::: Information :::

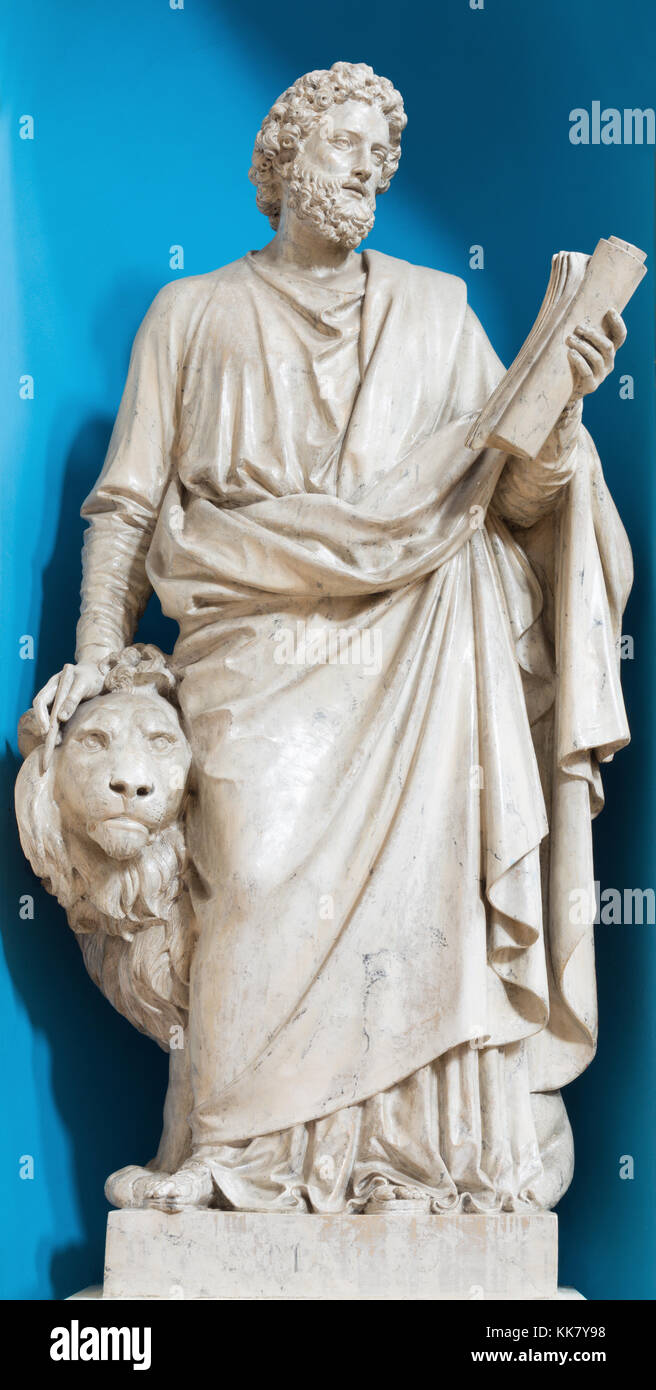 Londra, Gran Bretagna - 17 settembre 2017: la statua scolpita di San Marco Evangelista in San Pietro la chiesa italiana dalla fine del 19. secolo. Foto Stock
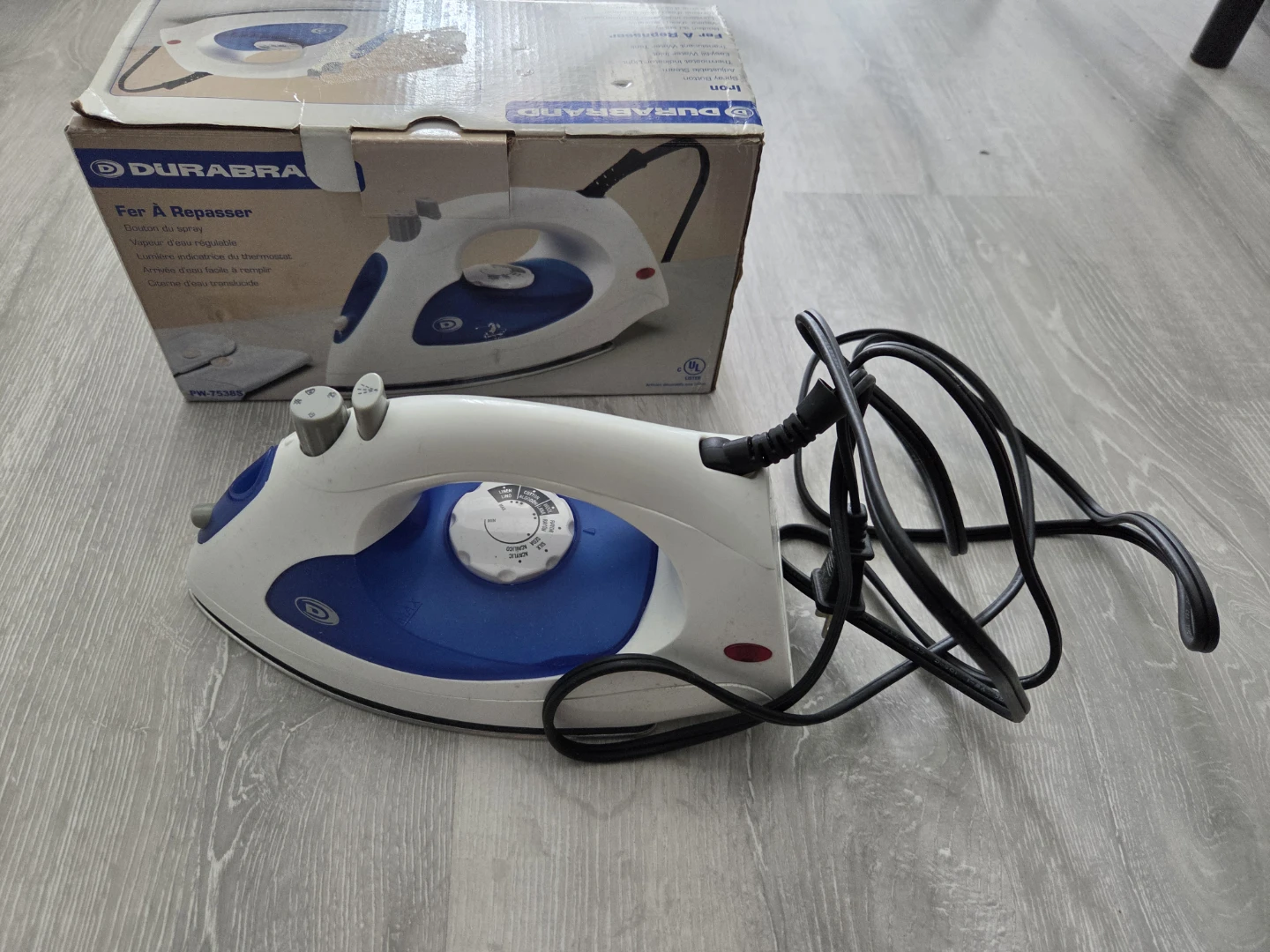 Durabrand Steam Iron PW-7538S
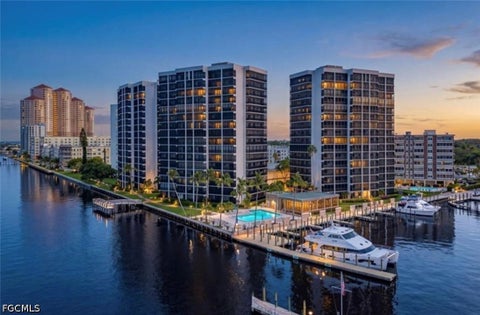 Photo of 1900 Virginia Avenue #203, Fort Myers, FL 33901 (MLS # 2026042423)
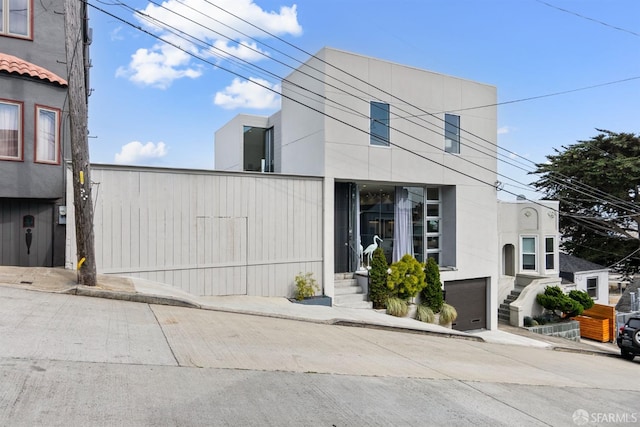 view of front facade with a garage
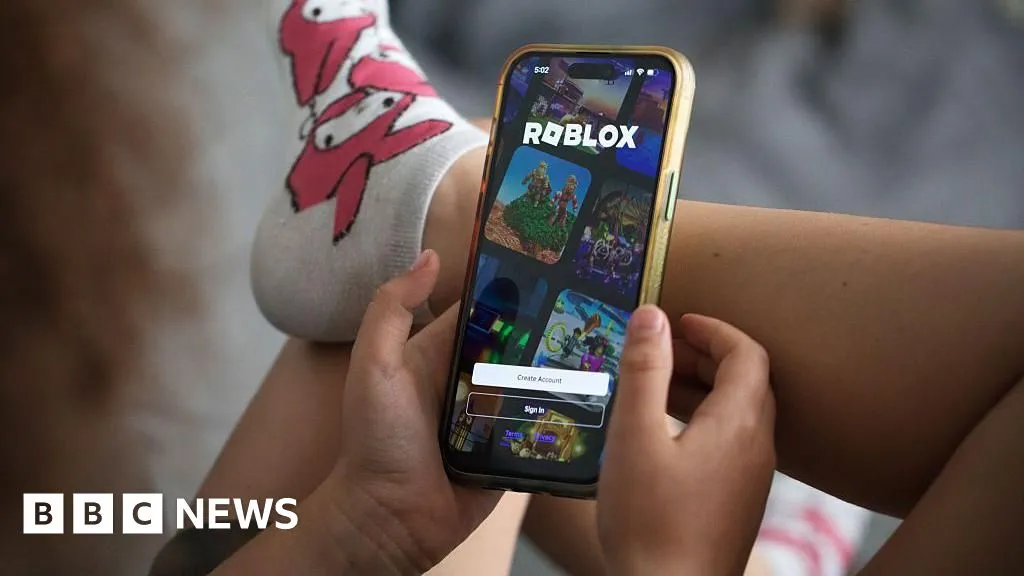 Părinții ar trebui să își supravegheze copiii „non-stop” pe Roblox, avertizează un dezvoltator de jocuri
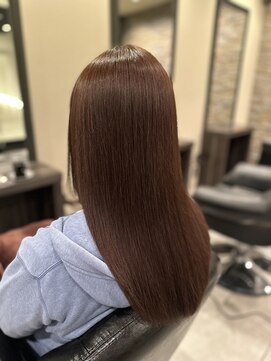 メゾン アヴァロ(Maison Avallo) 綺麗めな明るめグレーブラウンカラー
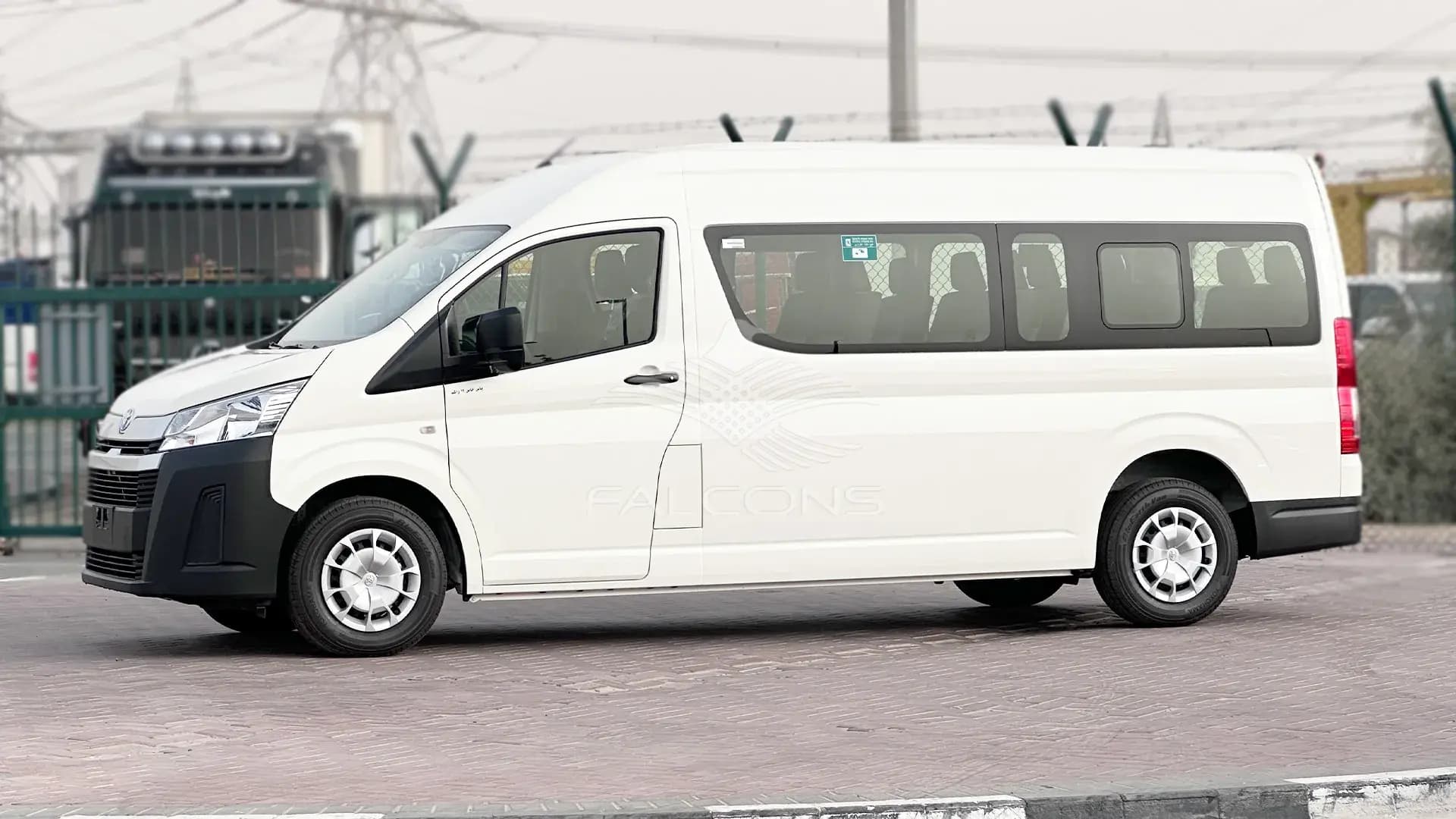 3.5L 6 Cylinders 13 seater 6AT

:::

All the lines above need to be repeated exactly, with no pictures carried over.

 Londra, Gran Bretagna - 17 settembre 2017: la statua scolpita di San Marco Evangelista in San Pietro la chiesa italiana dalla fine del 19. secolo. Foto Stock
 Durabrand Steam Iron PW-7538S
 Photo of 1900 Virginia Avenue #203, Fort Myers, FL 33901 (MLS # 2026042423)
 view of front facade with a garage
 Părinții ar trebui să își supravegheze copiii „non-stop” pe Roblox, avertizează un dezvoltator de jocuri
 メゾン アヴァロ(Maison Avallo) 綺麗めな明るめグレーブラウンカラー
 3.5L 6 Cylinders 13 seater 6AT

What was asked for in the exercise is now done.